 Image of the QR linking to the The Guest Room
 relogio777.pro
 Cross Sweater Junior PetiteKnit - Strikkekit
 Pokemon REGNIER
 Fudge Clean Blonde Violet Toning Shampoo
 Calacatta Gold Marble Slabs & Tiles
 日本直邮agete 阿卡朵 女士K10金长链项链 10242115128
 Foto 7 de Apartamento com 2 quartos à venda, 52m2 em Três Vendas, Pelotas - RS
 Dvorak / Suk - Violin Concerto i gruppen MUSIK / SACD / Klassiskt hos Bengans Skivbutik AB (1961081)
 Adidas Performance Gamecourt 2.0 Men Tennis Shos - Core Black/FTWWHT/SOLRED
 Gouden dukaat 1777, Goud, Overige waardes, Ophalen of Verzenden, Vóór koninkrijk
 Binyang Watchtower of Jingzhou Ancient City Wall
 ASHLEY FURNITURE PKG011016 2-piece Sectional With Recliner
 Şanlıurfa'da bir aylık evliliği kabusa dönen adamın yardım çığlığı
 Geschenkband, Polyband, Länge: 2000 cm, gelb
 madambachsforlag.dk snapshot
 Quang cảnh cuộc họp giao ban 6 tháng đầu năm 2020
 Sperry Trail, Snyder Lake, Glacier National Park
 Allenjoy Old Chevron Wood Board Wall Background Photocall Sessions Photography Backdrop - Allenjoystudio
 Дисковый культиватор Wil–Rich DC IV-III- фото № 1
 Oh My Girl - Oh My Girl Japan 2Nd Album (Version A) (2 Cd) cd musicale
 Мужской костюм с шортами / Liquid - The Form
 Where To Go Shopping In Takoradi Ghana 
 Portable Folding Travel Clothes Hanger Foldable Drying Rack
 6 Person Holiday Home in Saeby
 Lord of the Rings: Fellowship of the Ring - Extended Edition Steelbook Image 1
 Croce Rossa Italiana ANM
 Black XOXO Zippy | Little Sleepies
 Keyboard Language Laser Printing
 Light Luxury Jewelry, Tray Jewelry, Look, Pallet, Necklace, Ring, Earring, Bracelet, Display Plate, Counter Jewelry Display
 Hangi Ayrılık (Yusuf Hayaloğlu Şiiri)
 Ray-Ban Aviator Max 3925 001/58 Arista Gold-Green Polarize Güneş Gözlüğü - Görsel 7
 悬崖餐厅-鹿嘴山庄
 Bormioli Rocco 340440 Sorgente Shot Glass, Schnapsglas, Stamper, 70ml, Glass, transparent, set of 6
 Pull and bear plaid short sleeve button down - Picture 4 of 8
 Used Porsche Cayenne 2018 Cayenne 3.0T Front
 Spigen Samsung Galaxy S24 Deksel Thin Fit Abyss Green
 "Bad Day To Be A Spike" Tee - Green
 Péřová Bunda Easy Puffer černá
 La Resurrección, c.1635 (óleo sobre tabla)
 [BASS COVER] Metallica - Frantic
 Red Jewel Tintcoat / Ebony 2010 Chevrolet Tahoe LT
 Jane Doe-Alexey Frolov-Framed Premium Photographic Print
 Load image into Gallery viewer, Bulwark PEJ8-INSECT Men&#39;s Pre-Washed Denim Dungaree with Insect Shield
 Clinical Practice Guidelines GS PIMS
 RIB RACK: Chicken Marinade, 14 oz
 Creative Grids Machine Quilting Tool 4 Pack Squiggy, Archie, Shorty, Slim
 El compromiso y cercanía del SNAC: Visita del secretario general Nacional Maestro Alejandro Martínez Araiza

YOUR ASSIGNMENT — For the listing above, say how many lines hold the string "Gold". Give only that number.

ANSWER — 2